J'entends certains collègues de gauche s'inquiéter des dérives que pourraient occasionner les manifestations. Mais je crois que le propre du débat parlementaire est d'offrir une alternative à la rue, à la manifestation et à la violence. Il permet, non pas d'atténuer ou d'édulcorer, mais de focaliser, d'ordonner et d'orchestrer les interrogations qui traversent la société civile. En interdisant la discussion parlementaire, vous prenez, chers collègues, le risque de céder la place à un autre débat, moins organisé.
J'ai constaté, en assistant à la Conférence des présidents ce matin, que le président de la commission des Lois n'y participait pas et n'était pas représenté. J'en ai déduit qu'il ne souhaitait peut-être pas, par sa présence, cautionner un procédé qu'il désapprouvait. Mais je sais désormais que mon interprétation n'était pas tout à fait juste, monsieur le président…
Quelles sont les raisons de cette soudaine précipitation dans l'organisation de nos travaux, madame la garde des Sceaux, puisque le Gouvernement en est à l'origine ? Je ne les comprends pas. S'agit-il de ressouder une gauche en voie d'éclatement sur d'autres sujets ? S'agit-il de faire passer au second plan des débats gênants, comme celui sur la moralisation de la vie politique ? S'agit-il d'éviter les sujets économiques qui intéressent les Français ? L'anticipation de cet examen en deuxième lecture, initialement prévu fin mai, est d'autant plus incompréhensible que devait avoir lieu cette semaine un débat sur la sûreté nucléaire, dont M. Coronado conviendra sans doute avec moi qu'il n'aurait pas manqué d'intérêt.
Vous répétez que l'urgence n'a pas été déclarée sur ce texte. Mais comme M. Gosselin, je considère que la conjonction de la précipitation du calendrier et de la pression en faveur du vote conforme est pire !
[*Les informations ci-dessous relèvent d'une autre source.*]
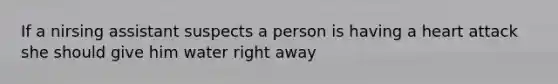 If a nirsing assistant suspects a person is having a heart attack she should give him water right away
En outre, la procédure du temps programmé, utilisée jusqu'ici pour de premières lectures et, éventuellement, maintenue pour les suivantes, est, pour la première fois depuis 2008, imposée au stade de la deuxième lecture. De surcroît, il n'a pas été fait droit à la demande d'un allongement exceptionnel de la durée des débats dans le cadre de ce temps programmé, possibilité pourtant offerte aux présidents de groupe par l'article 49, alinéa 10, du Règlement de l'Assemblée nationale. Sous la pression du groupe majoritaire, la fixation de la durée de la discussion à cinquante heures a été refusée. L'UMP disposera donc d'un temps de parole d'un peu moins de onze heures.
Cette durée limitée n'est pas à la mesure des besoins. Alors que onze jours et onze nuits ont été nécessaires à l'examen en première lecture, consacrer cinquante heures à la deuxième lecture ne semblait pas déraisonnable.
Enfin, si le recours à la procédure des ordonnances est possible, le débat sur leur champ d'application ne pourra pas avoir lieu puisque la majorité s'interdit d'amender le texte adopté par le Sénat. Les ordonnances ne concernent pourtant pas des sujets mineurs : ce ne sont pas moins de dix codes, voire l'ensemble des codes à l'exception du code civil, qu'elles devraient modifier.
Le recours aux ordonnances, le refus d'un allongement exceptionnel du temps programmé, ainsi que l'accélération du calendrier sont autant de motifs d'une contestation devant le Conseil constitutionnel de ce projet de loi que le groupe UMP ne manquera pas de faire valoir.
Cette accumulation de procédés allant à l'encontre de la sérénité des débats est une première, qui ne permet certainement pas de prévenir les risques de dérapage que j'évoquais au début de mon propos.